This guest post is by Stephanie Krishnan of guide2office.com.
I play the African drum: an instrument called the djembe. I’ve been playing it since 2005. Until last year I used to play it as often as four times a week with a local group. My husband requested that I reduce the frequency of my playing (as it took a lot of time away from our time together: he travels a lot for his work). Initially I resisted, however, now I play very infrequently—probably only once every three months when he’s out of town.
One of the things that made it easier to reduce the frequency of my drumming was fear. It wasn’t that I couldn’t play. Our teacher had a series of 20 rhythms of varying complexity and I did fairly well in mastering those. I could play them practically on demand (and still can). I even liked playing them in front of others at performances. The problem was that when it came to improvising and soloing, which was expected of everyone who had played for a couple of years, I believed I was terrible.
I tried various methods for overcoming this.
I would put together a “planned solo”—a rhythm that I could play when it was my turn to go alone. When it came to crunch time I would get nervous and forget it.
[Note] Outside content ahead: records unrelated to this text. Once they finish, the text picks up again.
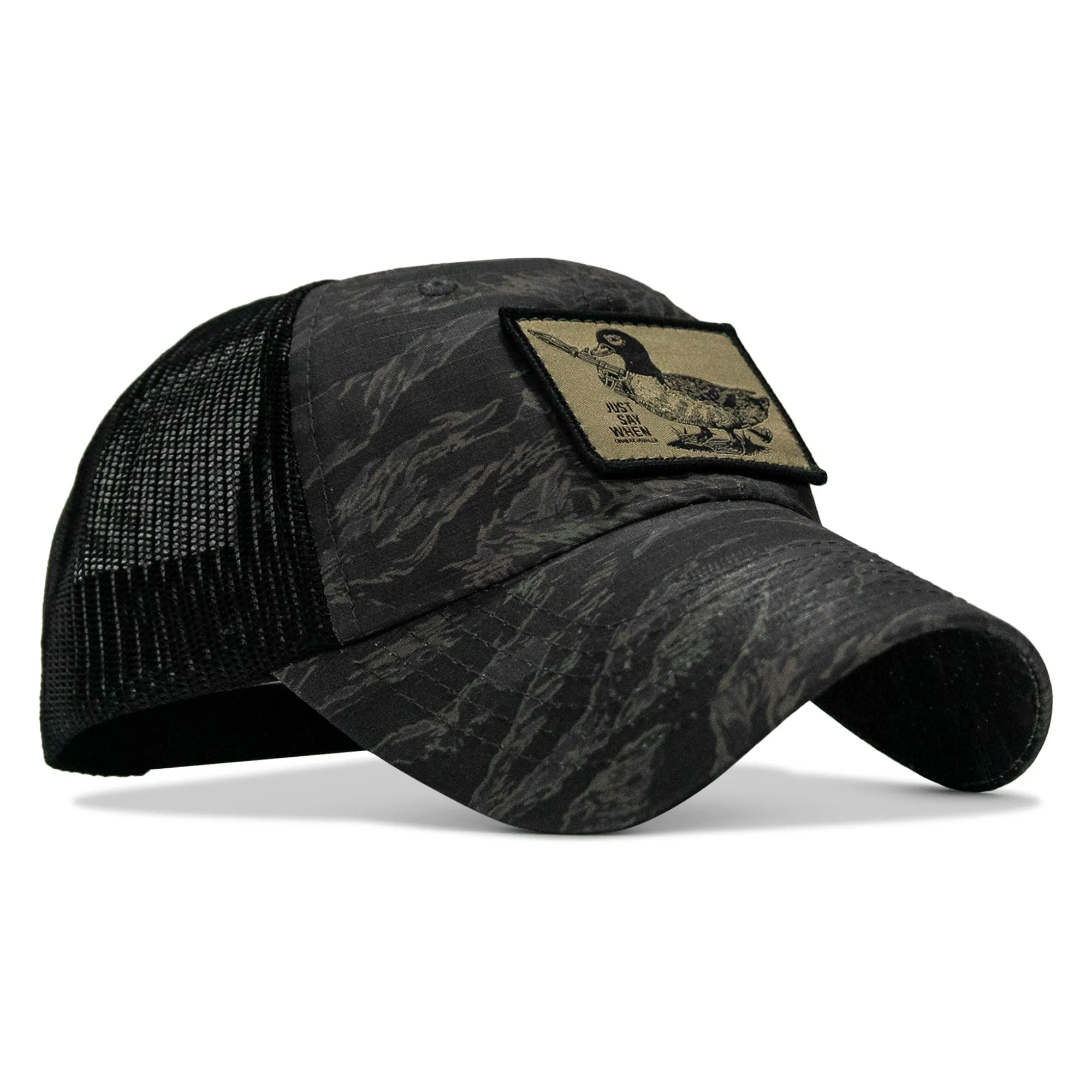 Just Say When Patch. Tactical Ripstop Mesh Snapback Hat sold by Combat Iron Apparel product image thumbnail 3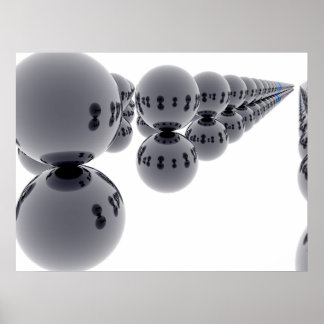 Póster Abstrato Geometria A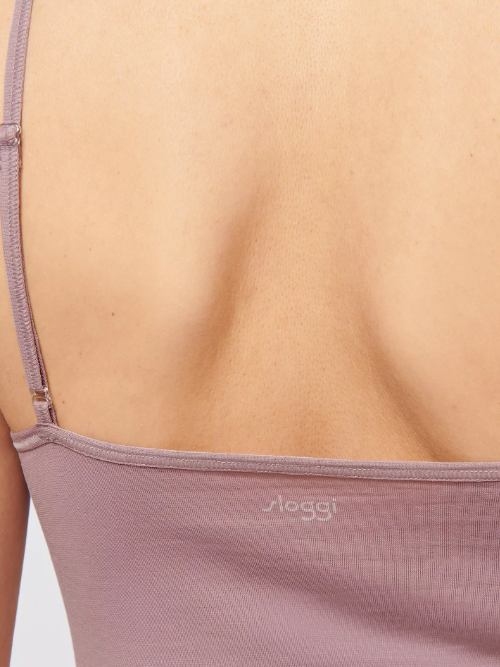 Sloggi  mauve top spaghetti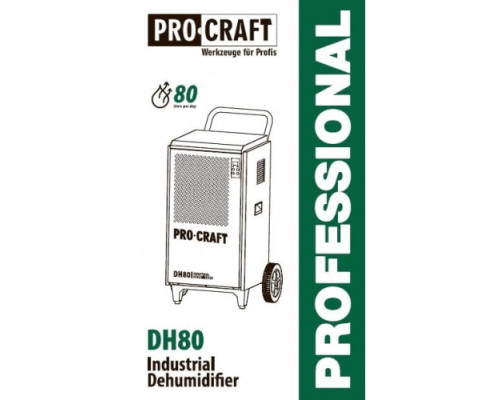 Осушувач повітря промисловий Procraft DH80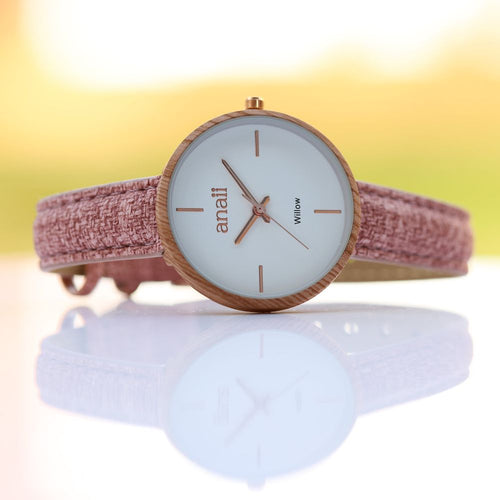 Load image into Gallery viewer, Handwriting Engraving Anaii Watch - Sweet Pink
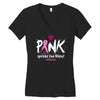 pink spread the hope Women's V-Neck T-Shirt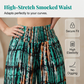 🌸 50% OFF NOW! 🌸Women's Smocked High-Waist Wide-Leg Trousers 👖 Cinched Comfort, Flowing Freedom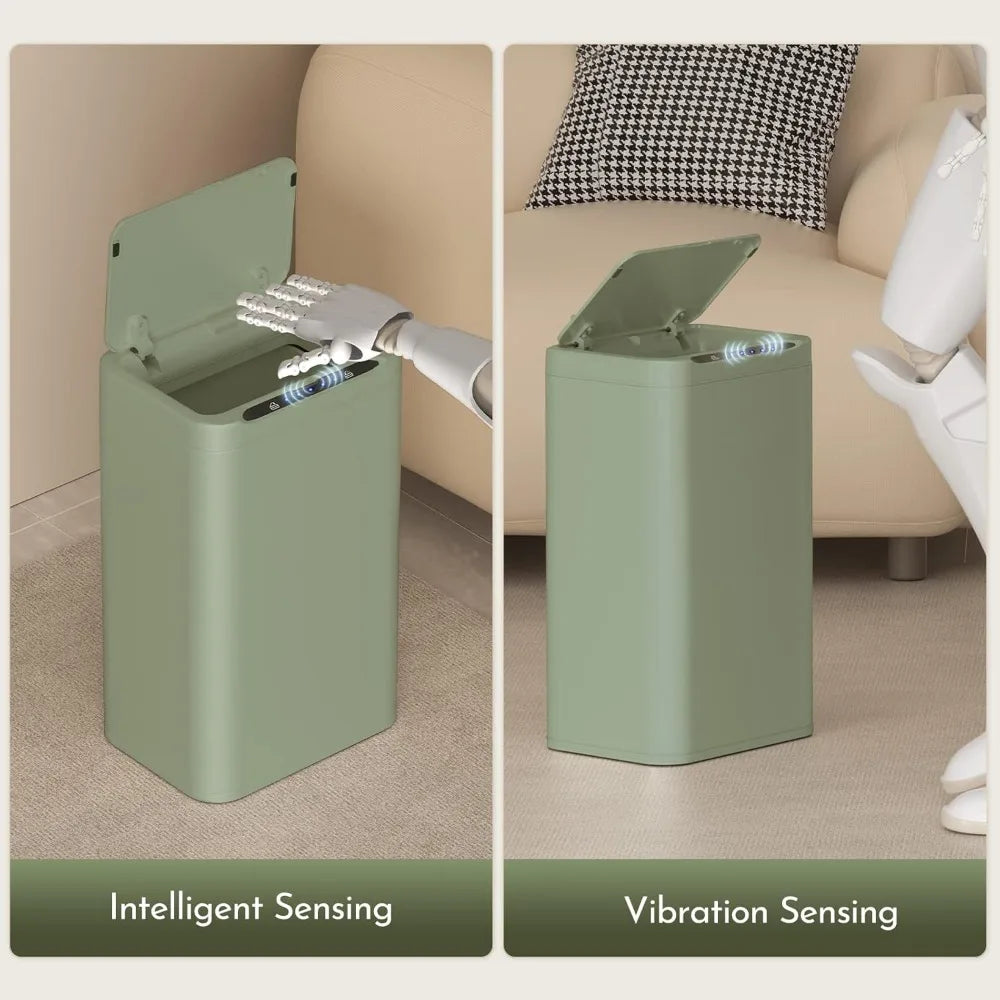 Stainless Steel Motion Sensor Trash Can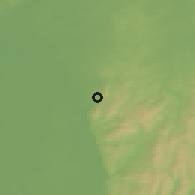 Shaded relief of the 50 km around Seeheim-Jugenheim, drawn from the GMTED2010 grid
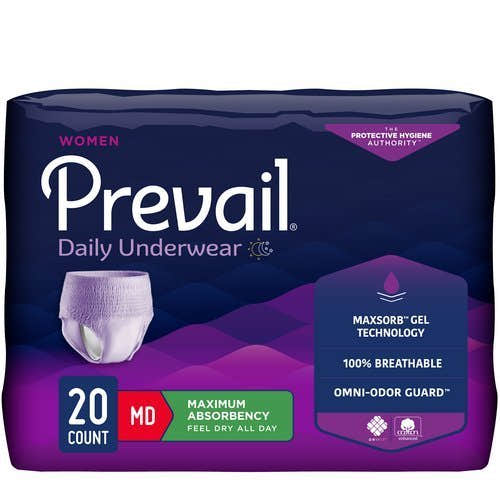Prevail Daily Underwear Maximum Absorbent Underwear -Female - 1178181_BG - 1 Prevail Daily Underwear for Women - 889081_BG - 2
I tried to play the rhythm over and over again—on my car stereo, on my iPod, at home—and just play what felt natural to see if anything fit. Nothing seemed to fit together, or if it did, I couldn’t repeat it. Again, when it came time to perform I would go a brilliant shade of red, drum out a few beats and pass it on to the next soloist, convinced I’d just embarrassed myself royally in front of an audience and in front of other players whose opinion I cared about.
Now, I’m not an A-list blogger. I’m not even a P-list blogger (does the list go that low?). I have a passion for Office productivity software (eg. OpenOffice.org, LibreOffice, etc.). I love what it can do and I love the idea of open-source. I love the idea of developing something and giving back to the community. So open-source-office-productivity-software just plain floats my boat. I have also found that others don’t like Office productivity software. They see it more as a necessary evil. They use it because they have a task to do and want to know the best way to achieve that task without the software hanging or producing undesirable results.
I try to fill this gap.
So you would think that I had identified a problem and a solution to my problem?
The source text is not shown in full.